As part of Ballet Arizona’s mission, we believe in creating, performing, and teaching outstanding classical and contemporary ballet, a belief that also holds true at The School of Ballet Arizona (SBAZ). One aspect that continues to set SBAZ apart from other dance schools in the Valley as well the Country, is not only its direct relationship with a critically acclaimed professional company but the performance opportunities it provides its more than 270 students.
Each school year, SBAZ produces three performances, including two full-length storybook ballets. There are also a multitude of opportunities for students to perform with the professional company depending on the needs of the ballet. From page boys and fairy attendants in The Sleeping Beauty to the Swan Corps in Swan Lake, students of all ages have the chance to step onto the big stage and perform alongside professional dancers.
To the average person outside of the dance world, this may not seem like a big deal but it is rare for a school to provide so many performance opportunities, a sentiment shared by Upper Division student Camille Sevrain. “What makes the School of Ballet Arizona so special are the incredible opportunities students here are given, from performing full-length ballet productions to having opportunities to be on stage with the professional company, “says Sevrain. “The professional dancers are so inspirational, and to be able to work beside them, under Mr.

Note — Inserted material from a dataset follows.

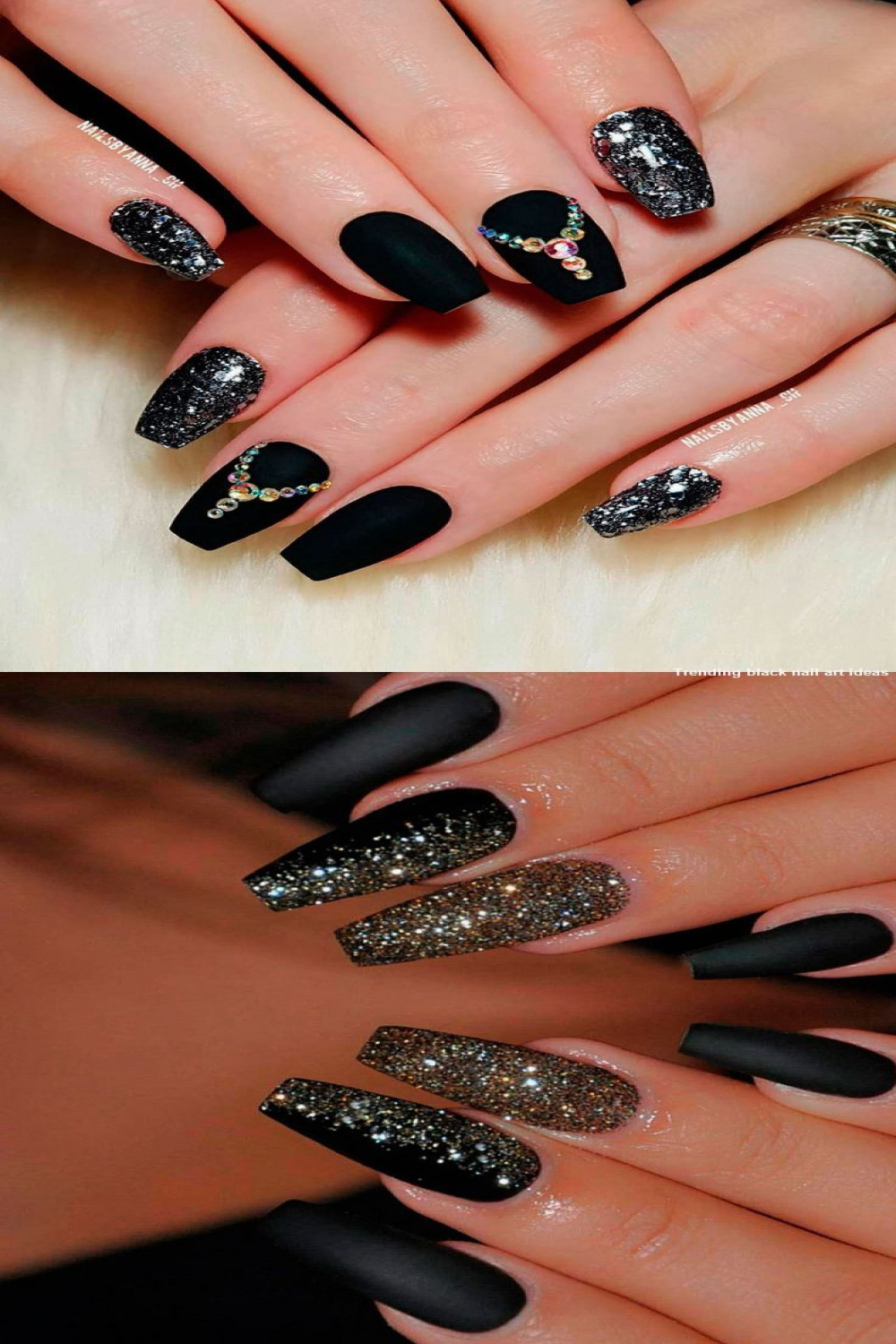 Simple Black Nail Art Design Ideas #naildesigns  Shiny nails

Andersen’s direction, is an incredible and very special opportunity. I don’t take for granted how rare it is as a student to have this insight and professional stage experience.”
SBAZ student Camille Sevrain in Ib Andersen’s “Coppelia.” Photo by Brianne Bland.

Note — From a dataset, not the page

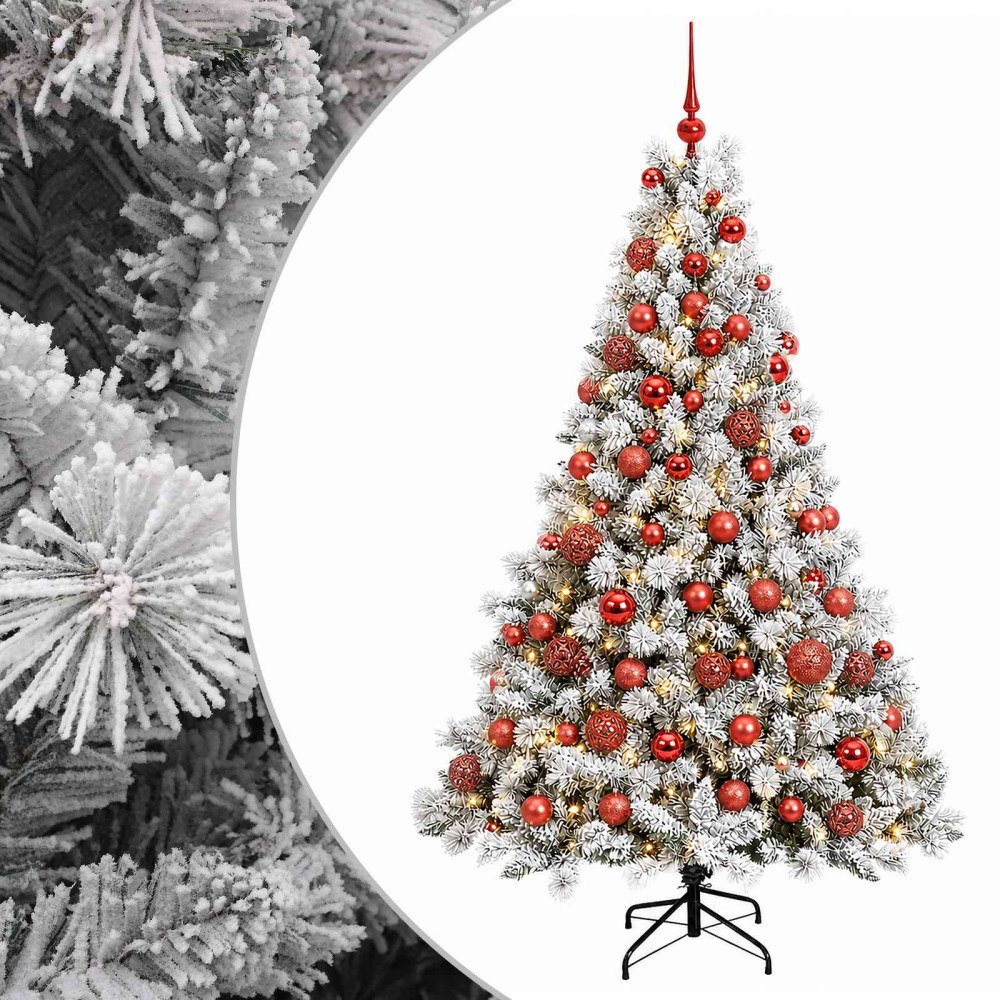vidaXL Konstgjord julgran med kulor 240 cm 300 LED-lampor Varmvit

Performing on stage provides a range of benefits for a student’s dance education. From the further enrichment of their dance curriculum and skills, to boosting their confidence and fostering a great work ethic, it also prepares students for what life could potentially be like as a professional dancer and the demanding nature of the career.
“Having the chance to dance, rehearse, and get taught by the professional dancers and the company is truly a dream come true,” says level 5 student Rogelio Martinez. “The feeling of dancing on the same stage as the professional company is a blessing. The company inspires me and they show me to never give up and that I will be in there shoes one day.”
This past fall, the entire school participated in the full-length production of Ib Andersen’s Swan Lake. During the rehearsal process, students were able to learn from Andersen himself, who presided over a number of rehearsals. This spring, Upper Division students tackled Marius Petipa’s famous ballet Don Quixote that will highlight their classical training, and this month the entire school will take to Orpheum Theatre in downtown Phoenix and perform various pieces that are focused around their yearly curriculum.
Maria Escobedo, mother of Rogelio Martinez, shared her perspective as a parent in the school: “I am so proud of my son. I see his growth and how SBAZ has encouraged him and that through hard work and dedication he has become disciplined in not only dance but also a better student… As a single mother and without support or encouragement from his father, it would have been impossible for me to keep by son in ballet without the help and support of SBAZ scholarship, so again I say thank you, I am truly grateful.”